Like The New Pornographers and Broken Social Scene, Cheats operate in their own defined lane with unassuming cool, their songs larger than life but intimate and relatable in scope. They have also managed to cement their ascension with a more nuanced approach to songwriting and production, balancing the accessibility of their previous releases with newfound tightness and wisdom. In fact, their upcoming release Before The Babies tackles a more seasoned perspective on life, love, and adulthood. Gone are the days when they’d sulk into quarter-life crisis and aversion to change. As Jim Bacarro best puts it: “Lyrically, this album is really about life before babies and greater responsibilities. Even from a production standpoint, I wanted it to contrast from the first album where each track was guns blazing with 15 guitar tracks and layers on top of layers. I guess this is the point in our lives where we see it as a marathon. There are bursts of energy and speed while giving importance to rest.”

Songs such as Ringer and Melon, shows the band’s more emotionally naked side, with the latter written as a tribute to all the band members that have joined and left Cheats. False Alarm, according to Jason Caballa, might be Jim Bacarro’s most lyrically compelling song to date. And then there’s the title track which serves as a last-minute inclusion in Cheats’ upcoming full-length release. “It’s a song I wrote after we found out we were pregnant,” Bacarro fondly recalls. “It’s the longest track in the album. I challenged Jason, Kyle and Enzo to make guitar solos to represent different stages in life.” Guitarist Kyle Quismundo considers it his favorite song in the record, speaking highly of its great arrangements. “Plus it’s my favorite to play live.”

Continuing Evolution

Musically, Before The Babies maintains the comforting highs with more variety in the mix. While they seem to capture the widescreen rawness of their sound, the indie-rock band mines unpredictable sonic elements and indulges a little bit in experimentation. “I think the songs sound more mature in a way, and that’s not because I raised the band’s mean age by joining,” Jason Caballa shares. “There is nothing as riotous as Sleepist or even Accidents on this record, but this one varies more in style: there’s a bit of funk in Glass Mouth, Smashing Pumpkins grind on Printers, and indie pop on Crumble.”

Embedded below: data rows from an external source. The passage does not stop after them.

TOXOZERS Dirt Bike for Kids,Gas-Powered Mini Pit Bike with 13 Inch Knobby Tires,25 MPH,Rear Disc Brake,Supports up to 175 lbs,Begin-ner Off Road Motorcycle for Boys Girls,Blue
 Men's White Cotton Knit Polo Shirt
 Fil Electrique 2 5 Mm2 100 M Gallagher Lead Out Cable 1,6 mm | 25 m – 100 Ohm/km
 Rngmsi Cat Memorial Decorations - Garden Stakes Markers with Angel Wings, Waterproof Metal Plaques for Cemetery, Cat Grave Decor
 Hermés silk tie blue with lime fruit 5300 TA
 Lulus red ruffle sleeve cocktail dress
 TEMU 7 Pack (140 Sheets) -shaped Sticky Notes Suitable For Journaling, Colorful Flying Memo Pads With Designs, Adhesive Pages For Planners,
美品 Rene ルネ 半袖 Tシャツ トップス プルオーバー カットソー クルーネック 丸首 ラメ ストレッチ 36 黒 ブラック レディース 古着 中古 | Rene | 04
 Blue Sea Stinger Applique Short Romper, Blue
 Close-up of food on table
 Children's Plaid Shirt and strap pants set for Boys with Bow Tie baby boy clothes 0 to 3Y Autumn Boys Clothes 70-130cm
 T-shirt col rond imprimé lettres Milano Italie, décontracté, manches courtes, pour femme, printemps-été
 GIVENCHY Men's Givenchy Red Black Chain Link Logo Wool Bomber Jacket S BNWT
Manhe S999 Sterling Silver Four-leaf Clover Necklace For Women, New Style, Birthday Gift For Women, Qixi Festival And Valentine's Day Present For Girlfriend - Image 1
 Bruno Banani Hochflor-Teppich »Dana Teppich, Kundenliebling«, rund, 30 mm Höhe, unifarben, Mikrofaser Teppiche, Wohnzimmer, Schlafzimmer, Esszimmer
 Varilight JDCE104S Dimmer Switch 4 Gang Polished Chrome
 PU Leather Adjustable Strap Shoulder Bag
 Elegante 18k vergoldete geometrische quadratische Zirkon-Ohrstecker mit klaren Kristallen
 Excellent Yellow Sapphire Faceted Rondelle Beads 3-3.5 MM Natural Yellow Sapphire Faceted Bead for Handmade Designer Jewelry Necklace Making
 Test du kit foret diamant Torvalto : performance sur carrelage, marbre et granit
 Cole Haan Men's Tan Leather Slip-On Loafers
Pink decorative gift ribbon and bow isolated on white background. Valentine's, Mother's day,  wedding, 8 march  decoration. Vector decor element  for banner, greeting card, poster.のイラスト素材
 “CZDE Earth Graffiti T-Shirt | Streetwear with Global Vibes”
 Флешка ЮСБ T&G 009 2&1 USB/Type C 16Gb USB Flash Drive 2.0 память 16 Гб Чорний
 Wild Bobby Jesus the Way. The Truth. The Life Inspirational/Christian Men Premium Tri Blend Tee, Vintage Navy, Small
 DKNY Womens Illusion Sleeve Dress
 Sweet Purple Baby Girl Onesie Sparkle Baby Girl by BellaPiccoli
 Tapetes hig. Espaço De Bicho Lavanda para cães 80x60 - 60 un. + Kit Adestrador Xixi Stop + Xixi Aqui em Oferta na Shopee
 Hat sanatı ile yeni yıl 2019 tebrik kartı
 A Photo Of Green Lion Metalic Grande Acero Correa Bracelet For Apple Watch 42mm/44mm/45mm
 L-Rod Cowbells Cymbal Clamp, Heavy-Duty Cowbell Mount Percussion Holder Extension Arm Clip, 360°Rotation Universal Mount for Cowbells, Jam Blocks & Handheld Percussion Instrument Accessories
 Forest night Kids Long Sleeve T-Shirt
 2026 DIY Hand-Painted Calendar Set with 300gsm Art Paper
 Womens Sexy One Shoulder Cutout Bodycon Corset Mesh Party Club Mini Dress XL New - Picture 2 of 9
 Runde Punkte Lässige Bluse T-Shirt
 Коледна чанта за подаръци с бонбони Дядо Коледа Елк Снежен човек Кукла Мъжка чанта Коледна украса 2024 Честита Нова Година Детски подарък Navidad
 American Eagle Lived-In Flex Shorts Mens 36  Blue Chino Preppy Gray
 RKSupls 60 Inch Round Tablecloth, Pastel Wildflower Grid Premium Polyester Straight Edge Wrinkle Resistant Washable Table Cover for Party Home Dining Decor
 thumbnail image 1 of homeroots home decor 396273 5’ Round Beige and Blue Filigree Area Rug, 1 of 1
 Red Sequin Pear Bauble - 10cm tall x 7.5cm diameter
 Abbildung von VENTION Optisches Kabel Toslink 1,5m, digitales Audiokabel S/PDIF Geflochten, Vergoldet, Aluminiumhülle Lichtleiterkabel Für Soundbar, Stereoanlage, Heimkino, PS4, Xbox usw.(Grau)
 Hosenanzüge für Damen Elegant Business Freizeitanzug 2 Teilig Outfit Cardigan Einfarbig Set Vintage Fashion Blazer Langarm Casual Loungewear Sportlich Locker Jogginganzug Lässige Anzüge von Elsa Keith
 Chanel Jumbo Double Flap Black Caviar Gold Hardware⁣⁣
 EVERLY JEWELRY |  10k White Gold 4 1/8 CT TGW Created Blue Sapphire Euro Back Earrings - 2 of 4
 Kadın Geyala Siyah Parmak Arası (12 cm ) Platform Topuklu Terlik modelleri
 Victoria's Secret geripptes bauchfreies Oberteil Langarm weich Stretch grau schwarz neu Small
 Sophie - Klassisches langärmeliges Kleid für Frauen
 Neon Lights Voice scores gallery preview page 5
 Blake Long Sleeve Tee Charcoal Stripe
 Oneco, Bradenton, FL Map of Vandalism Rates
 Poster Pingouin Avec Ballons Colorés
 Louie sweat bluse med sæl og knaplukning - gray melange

One can also pinpoint the band’s continuing evolution. From wringing pop smarts that unfurl beautifully in repetitive listens to embracing a mellower sound, the band is certainly not afraid to take risks. “Musically, the band grew up a lot in this album,” bassist Manny Tanglao tells Supreme. “I mean having three guitarists can be stressful in terms of arrangement. However, in this album we feel we’ve learned how to give way to one another and appreciate the concept of less is more.” Despite the subtle changes in musical direction, Cheats keep up with the tradition of highlighting the grit and vitality one gets from hearing them perform live. “We will always be a live band first,” drummer Enzo Hermosa points out. “We record the songs based on how we enjoy them being played live. For me, this album has been more enjoyable to play live.”

As for the album title, Cheats have been toying around the idea of using Before The Babies for its follow-up to their eponymous debut record. Little did they know that the joke thrown around in conversations during rehearsals and jam sessions would shed light on countless personal realizations, thanks to Saab Magalona’s pregnancy. “We felt that this album captured this shared time in our lives,” reflects frontman Jim Bacarro. “No one during the production of this album was a parent yet. We were all in a common space and we wanted this album to be a remembrance of that.”